After reading Cryptonomicon, I am curious if there really is a PRNG based on the Zeta function. I googled but couldn't find anything. Does anyone know of any resource I can look into? Any good ideas on how the Zeta function would be used to produced pseudo-random numbers? Like using the digits of the (imaginary part of the) zeros or something (maybe a binary expansion of a zero and then XORing with plaintext binary)? Which leads me to another question, how are the (binary or decimal) digits of Riemann Zeta function zeros distributed? Are they uniform? Do we know anything about them? Also, do we know if they are rational or irrational (in base 2 I guess). Because if the binary expansion is nonterminating, then we have a stream cipher of an arbitrary length. The key could be like which zero it is and also maybe how many decimal places to truncate in the beginning before starting encryption just so that we can ignore like the first 10,000 digits and start XORing with the 10,001st digit after the decimal point. Thanks!-Looking for Wisdom and Insight! (talk) 06:00, 4 May 2011 (UTC)[reply]

Cryptonomicon is a fiction novel and the author gets annoyed with readers who expect all the stuff in it to be mathematically or historically accurate. There isn't a (known) cryptosystem like that thing with the zeta function. The author made it up as a plot device. 69.111.194.167 (talk) 10:39, 4 May 2011 (UTC)[reply]

As an aside why would the base have anything to do with whether a number is rational or not?-Shahab (talk) 12:10, 4 May 2011 (UTC)[reply]

I know that its a fictional source but there are some things in it that are based in reality such as places and battles and people. If I ask about Admiral Yamamoto, are you going to say that its foolish for me to expect Admiral Yamamoto to be a real person just because he is mentioned in a fictional novel? I don't know about this scheme and that's why I asked. A cryptographic scheme based on Riemann Zeta function is not that far-fetched or unlikely anyway. It seems rather plausible (in fact a good idea I think). There are plenty of technical things in that novel which are "real" so why did it irk people when I asked about this scheme? Just a simple "no, I have never seen one" would have been fine...and then wait to see what the consensus is, if others have never seen one or not. As for Shahab, I was thinking of the termination and periodicity of the expansion of the zeros in binary and decimal. Yes, I could have said it better. I thought of non-repeating non-terminating and said irrational.

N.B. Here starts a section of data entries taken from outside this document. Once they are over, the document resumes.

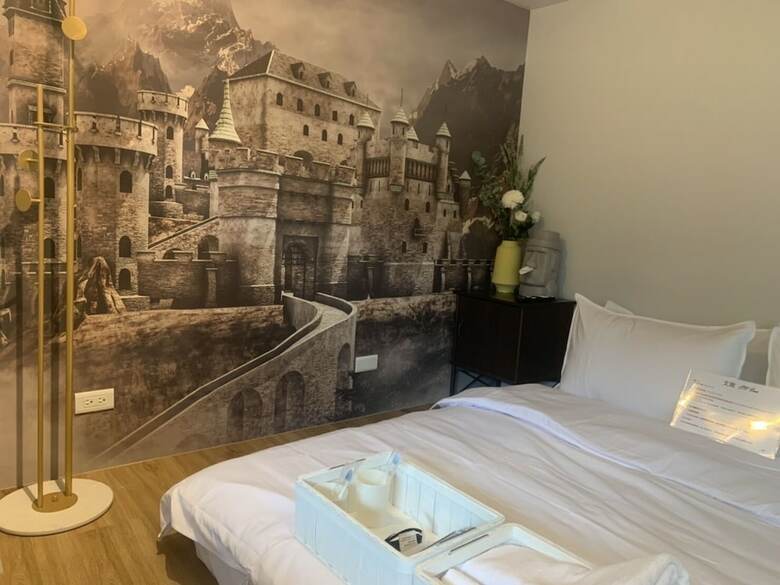 Hotel En Inn
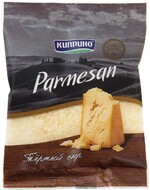 Сыр тертый Пармезан 30% Киприно 90гр БЗМЖ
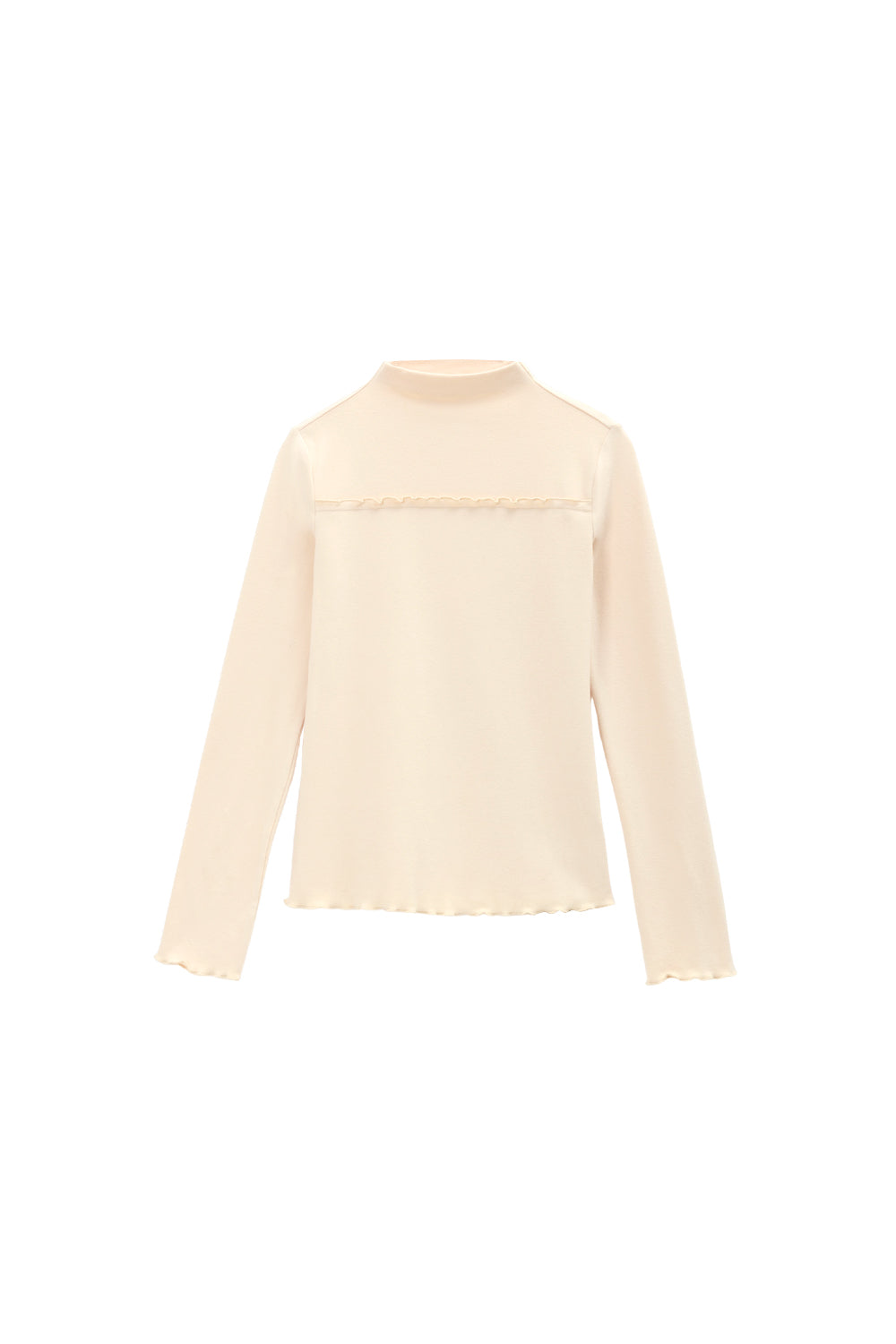 Kaos Lengan Panjang untuk Wanita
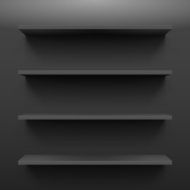 Shelves N42
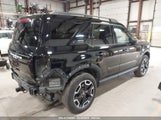 FORD BRONCO SPORT OUTER BANKS 3FMCR9C64MRA56015 fotografie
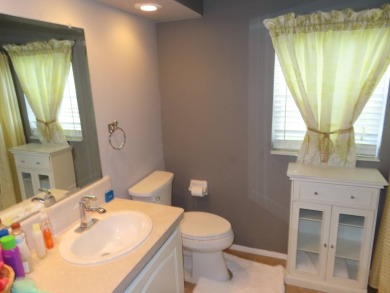 Are you looking for a home on a quiet cul-De-Sac, along with a on Crane Lakes Golf and Country Club in Florida - for sale on GolfHomes.com, golf home, golf lot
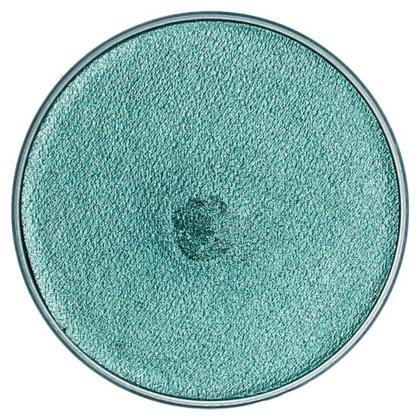 Fard à l’eau Aqua Face & Bodypaint 16g - 309 STAR GREEN Shimmer 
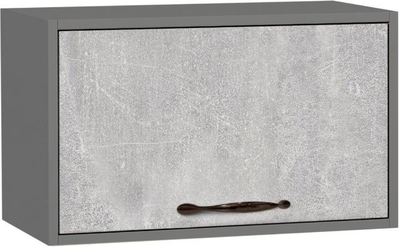 BlanKit G60.h36 Graphite+Industrial SG M2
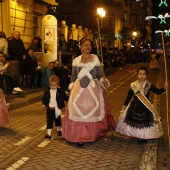 Desfile de Gaiatas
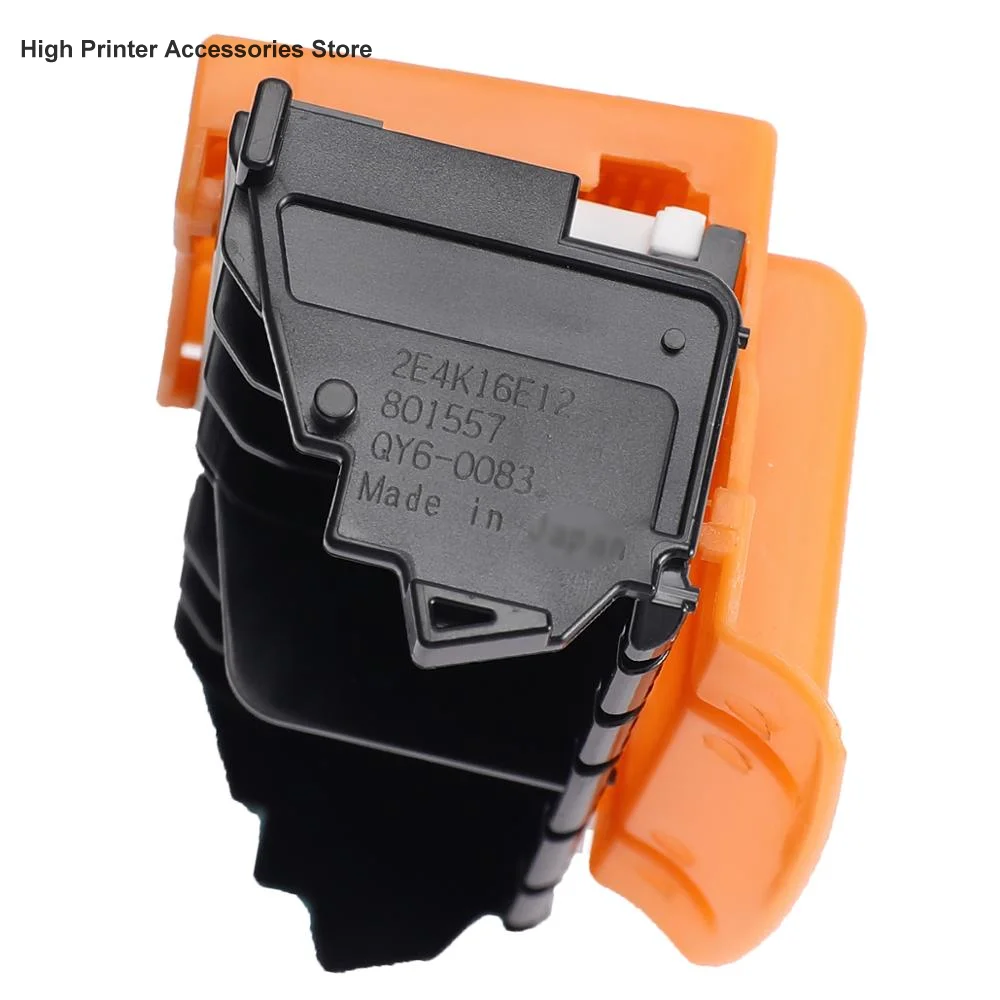 QY6 0083 Printhead For Canon MG6300 MG6310 MG6320 MG6340 MG6350 MG6370 MG6380 MG7100 MG7110 MG7120 MG7140 MG7150 Print Head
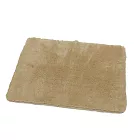 棉花田超柔吸水防滑地墊-2色可選(50x80cm) 駝色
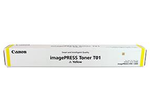 Canon Original Toner T01 gelb 39.500 Seiten (8069B001)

On a completely different note, why is this reference desk becoming so snappy? I have been visiting here for a long time and I don't know much about any one topic so usually I just ask questions or read others' questions and responses hoping to learn something. And I have noticed that people just have a short temper all of a sudden. What's up with the condescending answers as if you are talking to an naive three year old or something? Why all this suspicion that everyone is asking you to do their HW? Does no one here have good faith anymore? What happened to the spirit of learning and teaching those who want to learn, spreading knowledge, and perhaps having an epiphany yourself as you explain something to another? The people who answer here, do they feel abused or taken advantage of? Most of us inquirers don't have that intention. And this is a voluntary service I thought. If it makes you that upset then just don't answer. If I know something, I don't have a problem answering. If you think you are being abused then either say so politely (to let the other person know that you are not stupid or gullible and you know that he is trying to manipulate you) or just stay quiet and not answer at all. I am a big fan of this desk and for many years I have been visiting here almost daily. And now I am truly sorry to say that some of the responses (their tone and what they suggest, not the technical matter) just seems ridiculous.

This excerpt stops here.